The Tail-Ratio Error: GMV doesn’t automatically mean there will be more males at the extreme high (or low) end of a trait.
The Uniformity Error The uniformity error isthe mistaken assumption that if the distribution of a certain trait exhibits GMV for a population as a whole, then the individuals in various subpopulations must also exhibit GMV for that trait. This is simply not true. Consider a data set with equal numbers of males and females, where the men’s values are all tightly clustered in two equal-sized groups of high and low values, and the female values are uniformly distributed between those same high and low values. Clearly there is GMV for this trait, but among the above-average values alone, there is greater female variability.
Hooven’s inquiry into why men dominate the highest levels of chess commits the uniformity error by dismissing GMV as a possible factor, because even though there appears to be GMV in the overall population of world-class chess players, some subgroups actually exhibit greater female variability (GFV). But GMV in chess abilities cannot be ruled out simply because of this non-uniformity. In fact, GMV could be a very significant explanation of why nearly all Grandmasters are men.
The Causation and Correlation Error A second basic error in GMV arguments is a variant of the common causation and correlation error that has plagued the study of statistics since its inception. Whether or not a data set of a certain trait among males and females exhibits GMV or GFV implies nothing at all about the causes of the sex differences in the variability. A moment’s reflection tells us that this is true even for a single data set. If we learn that the standard deviation of the height of men in Canada is 2.7 cm, that is all we know—not anything about the underlying reasons for this magnitude of standard deviation.

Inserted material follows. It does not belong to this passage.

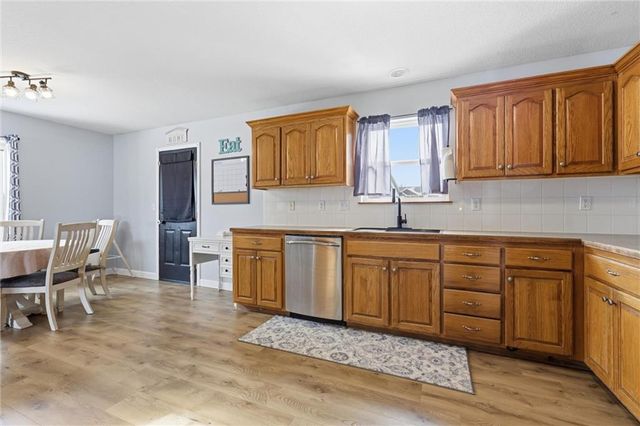 2708 E Hickory Court, Tonganoxie, KS 66086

Similarly, since GMV and GFV simply record comparisons of the two respective standard deviations, they reveal absolutely nothing about the underlying causes of any differences between the male and female standard deviations for that trait.

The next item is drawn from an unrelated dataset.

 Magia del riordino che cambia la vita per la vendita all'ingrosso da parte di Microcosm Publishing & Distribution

The Tail Ratio Error The third common logical fallacy in GMV arguments is what I will call the tail ratio error. Without additional knowledge about the actual distribution of the trait values in question, neither GMV nor GFV imply anything about sex comparisons in the extreme values of that trait. Suppose, for example, that the female values for a given trait are all high and tightly clustered, and those for men are all lower but widely dispersed. In this case, there is clearly GMV for that trait, but females are all at the top, and the ratio of females to males in that upper tail region is high. On the other hand, if the male values are again more widely dispersed but are uniformly higher than the female values, there is again GMV but the ratio of men to women among the highest values is high. Thus GMV or GFV alone implies absolutely nothing about the tail ratios for that trait, including the dominance of either sex in chess or mathematics or any other trait.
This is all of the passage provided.